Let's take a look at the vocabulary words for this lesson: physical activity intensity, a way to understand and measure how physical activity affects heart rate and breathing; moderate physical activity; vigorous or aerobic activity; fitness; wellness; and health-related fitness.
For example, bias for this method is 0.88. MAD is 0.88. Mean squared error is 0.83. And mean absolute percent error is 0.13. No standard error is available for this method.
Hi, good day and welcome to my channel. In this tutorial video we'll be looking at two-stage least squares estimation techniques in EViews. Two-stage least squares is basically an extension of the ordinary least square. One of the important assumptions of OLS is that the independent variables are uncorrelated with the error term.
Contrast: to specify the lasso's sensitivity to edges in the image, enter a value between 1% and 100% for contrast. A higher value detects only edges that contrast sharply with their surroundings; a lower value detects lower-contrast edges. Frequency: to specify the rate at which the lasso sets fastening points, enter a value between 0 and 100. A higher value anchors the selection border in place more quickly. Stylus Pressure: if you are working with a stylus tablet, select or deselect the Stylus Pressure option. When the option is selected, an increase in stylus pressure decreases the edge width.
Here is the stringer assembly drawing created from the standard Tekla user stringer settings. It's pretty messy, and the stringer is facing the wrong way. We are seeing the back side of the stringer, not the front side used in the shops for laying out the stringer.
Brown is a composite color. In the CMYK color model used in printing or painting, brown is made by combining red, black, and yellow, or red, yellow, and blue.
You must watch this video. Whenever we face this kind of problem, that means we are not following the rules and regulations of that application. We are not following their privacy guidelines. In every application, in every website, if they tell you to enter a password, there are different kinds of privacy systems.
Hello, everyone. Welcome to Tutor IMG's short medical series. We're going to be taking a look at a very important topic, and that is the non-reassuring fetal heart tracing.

---

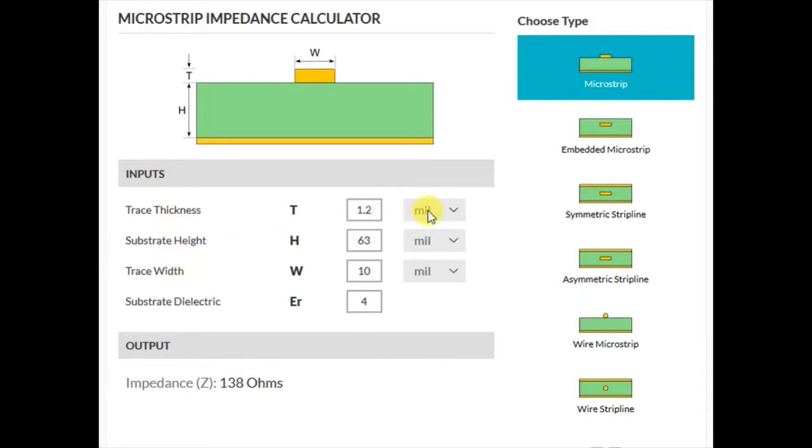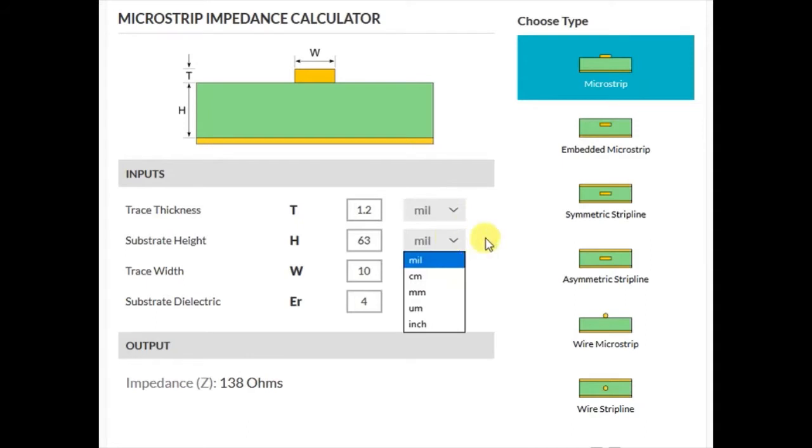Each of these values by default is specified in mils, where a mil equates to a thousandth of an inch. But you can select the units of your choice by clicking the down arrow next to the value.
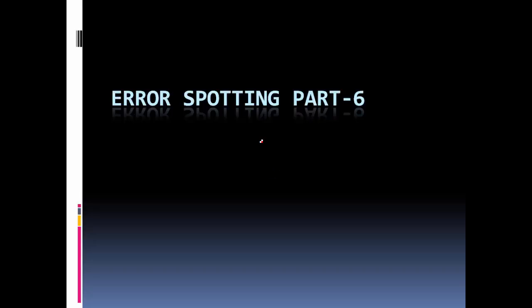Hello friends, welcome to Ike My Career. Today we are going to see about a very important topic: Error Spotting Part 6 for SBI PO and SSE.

> _WORK INSTRUCTIONS_: List, from the entries above, every line in which the word "enter" shows up.

> _ANSWER TO THIS PROBLEM_:
Contrast: to specify the lasso's sensitivity to edges in the image, enter a value between 1% and 100% for contrast. A higher value detects only edges that contrast sharply with their surroundings; a lower value detects lower-contrast edges. Frequency: to specify the rate at which the lasso sets fastening points, enter a value between 0 and 100. A higher value anchors the selection border in place more quickly. Stylus Pressure: if you are working with a stylus tablet, select or deselect the Stylus Pressure option. When the option is selected, an increase in stylus pressure decreases the edge width.
You must watch this video. Whenever we face this kind of problem, that means we are not following the rules and regulations of that application. We are not following their privacy guidelines. In every application, in every website, if they tell you to enter a password, there are different kinds of privacy systems.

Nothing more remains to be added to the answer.